Vegetable leafminer is attacked by a number of parasitoids, with the relative importance of species varying geographically and temporally. In Hawaii, Chrysonotomyia punctiventris (Crawford) (Hymenoptera: Eulophidae), Halicoptera circulis (Walker) (Hymenoptera: Pteromalidae), and Ganaspidium hunteri (Crawford) (Hymenoptera: Eucoilidae) were considered important in watermelon (Johnson 1987). In California and Florida, the same genera or species were found attacking vegetable leafminer on tomato or bean, but Opius dimidiatus (Ashmead) (Hymenoptera: Braconidae) also occurred commonly in Florida (Stegmaier 1966a, Lema and Poe 1979, Johnson et al. 1980a). Levels of parasitism are often reported to be proportional to leafminer density, but parasitoid effectiveness can be disrupted when insecticides are applied.
Several methods for population assessment have been studied, and collecting puparia in trays placed beneath plants was recommended by Johnson et al. (1980b) as a labor-saving technique. Zehnder and Trumble (1984) used yellow sticky traps to monitor adults, and reported that L. sativae flies were more active at the middle plant height of tomatoes, whereas L. trifolii was more active at low plant height. They also confirmed the value of pupal counts for prediction of adult numbers two weeks later. Yellow sticky traps, however, have the advantage of being able to quickly detect invasion of a field by adults from surrounding areas. Sequential sampling plans were developed by Zehnder and Trumble (1985).

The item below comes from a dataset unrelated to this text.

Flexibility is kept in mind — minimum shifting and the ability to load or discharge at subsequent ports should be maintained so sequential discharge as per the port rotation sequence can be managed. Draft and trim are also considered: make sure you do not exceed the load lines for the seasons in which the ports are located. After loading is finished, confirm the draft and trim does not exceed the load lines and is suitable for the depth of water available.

The parasitoids of L. sativae (as well as L. trifolii and L. huidobrensis) often display little specificity. The wasp parasitoids often attack all three species, and when they appear to be specific, it is usually lack of knowledge about host range rather than actual specificity (Murphy and LaSalle 1999).
Foliar application of insecticides is often frequent in susceptible crops. Insecticide susceptibility varies greatly both spatially and temporally. Many insecticides are no longer effective. Insecticides are disruptive to naturally occurring biological control agents, and leafminer outbreaks are sometimes reported to follow chemical insecticide treatment for other insects.

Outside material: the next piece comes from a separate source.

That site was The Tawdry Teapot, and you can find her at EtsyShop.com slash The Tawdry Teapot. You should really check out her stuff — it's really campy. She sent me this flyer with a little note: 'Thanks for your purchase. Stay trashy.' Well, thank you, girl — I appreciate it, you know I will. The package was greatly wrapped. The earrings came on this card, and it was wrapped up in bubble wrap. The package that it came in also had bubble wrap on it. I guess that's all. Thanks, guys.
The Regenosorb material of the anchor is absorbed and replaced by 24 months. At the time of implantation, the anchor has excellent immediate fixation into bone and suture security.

For more insecticidal information see:
Insect Management Guide for Vegetables (https://edis.ifas.ufl.edu/TOPIC_GUIDE_IG_ Vegetables)
Some crops vary in susceptibility to leaf mining. This has been noted, for example, in cultivars of tomato, cucumber, cantaloupe, and beans (Hanna et al. 1987). However, the differences tend to be moderate, and not adequate for reliable protection. Nitrogen level and reflective mulches are sometimes said to influence leafminer populations, but responses have not been consistent (Chalfant et al. 1977, Hanna et al. 1987). Placement of row covers over cantaloupe has been reported to prevent damage by leafminer (Orozco-Santos et al. 1995). The same study evaluated the benefits of transparent polyethylene mulch, and found no reduction in leafminer populations. Sometimes crops are invaded when adjacent crops are especially suitable, as was reported by Sharma et al. (1980) in California, where cotton was an important source of invaders. Weeds are a source of flies (Parkman et al. 1989), but also a source of parasitoids.